Mayor Griffin noted that it looks as though the Partnership is likely going to cease to exist at the end of the fiscal year.

“The Visitor’s Center here will hopefully continue to be funded by the DOT. That and the Tyrrell County and Columbia contribution should continue to support the Visitor’s Center in the way that is it is now run. As well as the Gift Shop and the Columbia Theater,” Griffin said.

White noted that Partnership officials have to narrow their focus to what is most important to their overall operation.

“The Board is aware of the fact that the attention has been on the Estuarium. It is the flagship. It is certainly expensive to operate relative to the smaller facilities,” White said.

White also said that the Partnership Board have been favorably disposed to try to get Woolard to spend her time trying to raise money to sustain the Estuarium.

“You have got raise major funds to keep that going. These other facilities could operate without that Partnership umbrella. But the Washington facility cannot operate with some significant fundraising and some significant efforts of the local communities,” said White.

White said that money that goes to the Partnership from the NCDOT is there by law.

“By law it says it goes to the Partnership for the operation of the Visitor’s Center.
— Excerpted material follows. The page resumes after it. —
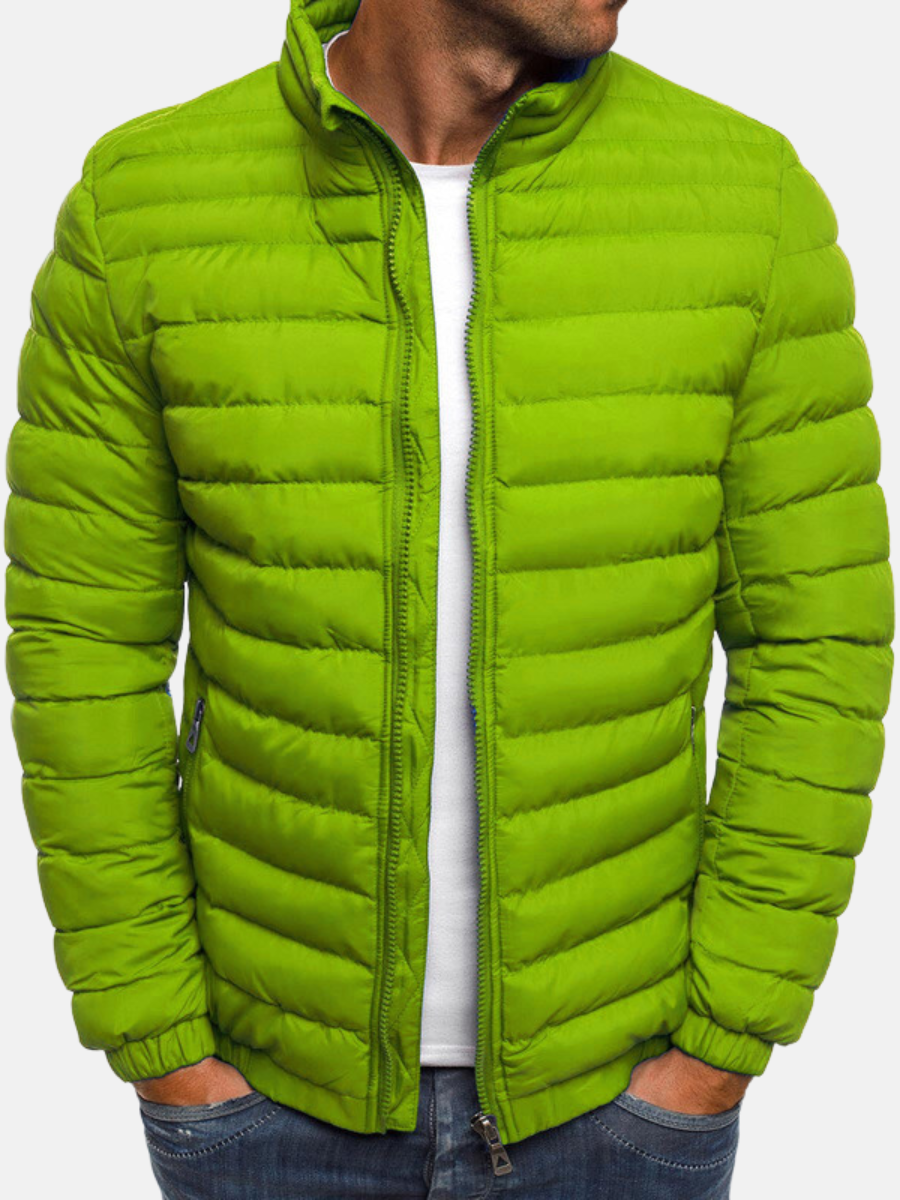 Men’s Lightweight Puffer Jacket | Quilted Winter-Levorel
It could be changed, but it has to be done while the Legislature is in session,” said White.

The North Carolina legislature goes into session May 14 and it will be out of session by the first week of July.
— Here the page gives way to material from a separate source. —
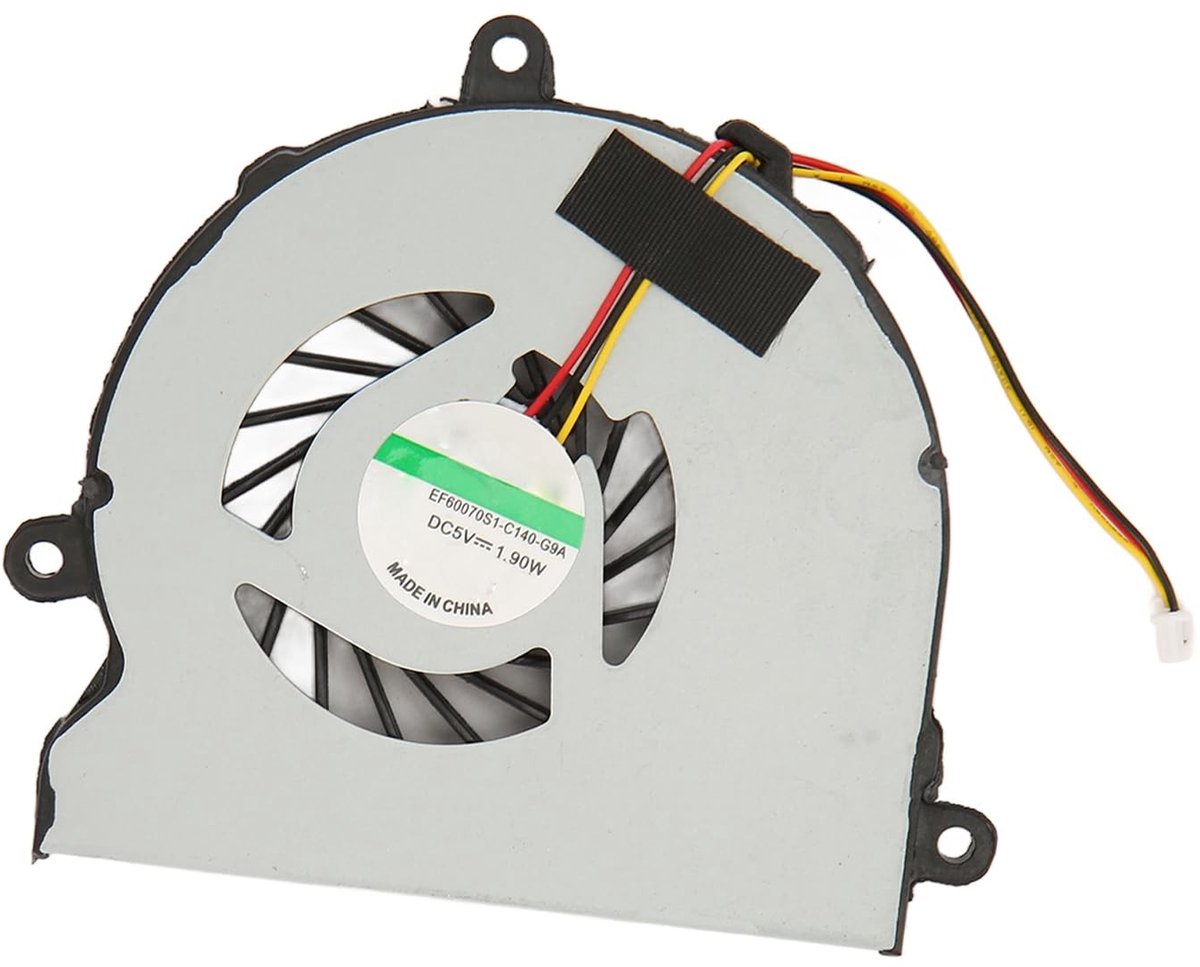 JHUBERS - CPU-koelventilator - Vervangend onderdeel - 4-pins aansluiting - Laptopventilator - Verbeterde warmteafvoer - Geschikt voor 242 G1 250 G3...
Many issues remain should the Partnership officially dissolve.

“We understand there is a early agreement made about 20 years back regarding what to do should the Partnership end and how to get the various things involved back into the appropriate hands,” said White.

It may take a great deal of time to get a NCDOT contract in place to operate the Visitor’s Center.
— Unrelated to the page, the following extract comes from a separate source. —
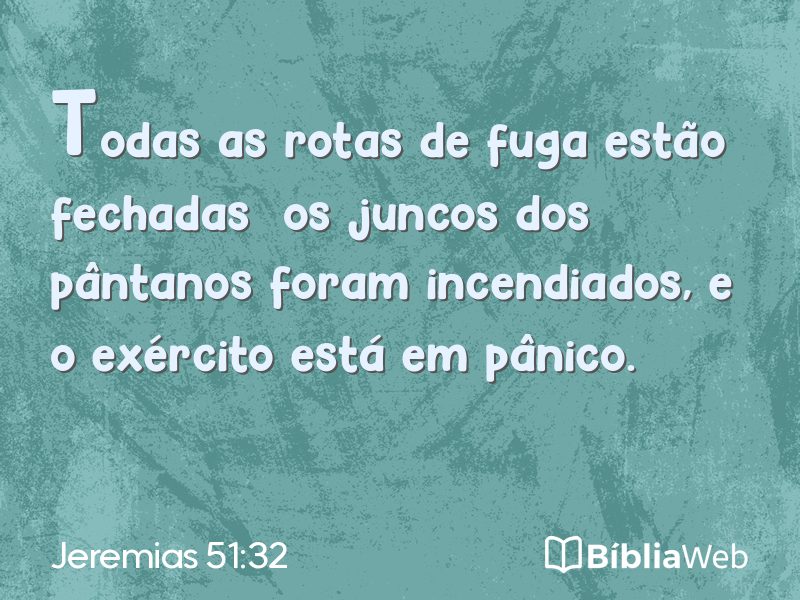 Jeremias 51:32 em imagem para compartilhar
White said that there was a great reluctance from the Partnership Board to move forward.

“We had the first real substantive discussion on this at a meeting two weeks ago. That was because the representative from Bertie County pushed through the discussion. He felt it was past time to have an honest conversation about it,” said White.

White said that County Manager Clegg kept asking at that mentioned meeting whether officials were certain the Partnership for the Sounds was going to even exist.

“They kept cutting David off because no one wanted to deal with that question,” said White.

The Aldermen elected not to make an official decision on Woolard’s initial request until the drafting of the Town’s budget is complete.

The Town’s Budget has to be approved by June 30.

Woolard did not attend the March 6 meeting.

However she did provide comments the following day regarding the Partnerships’ requested increase in funding.

“The Partnership is in a different funding environment and so the support we receive from our local partners is more important than ever.  Although we have asked for a modest increase in the appropriations from the Town and the County, we are keenly aware that their contributions to the Partnership are very significant within their budgets.

But in any scenario, the Town of Columbia and Tyrrell County are integral to the Partnership’s future.  Both are founding members of the organization and we would not be “the Partnership” without them.

Their support will allow us to continue operations and programs at the Theater in the upcoming year while we aggressively pursue other funding.  We believe this new revenue will augment our activities at the Theater and benefit the entire community,” said Woolard.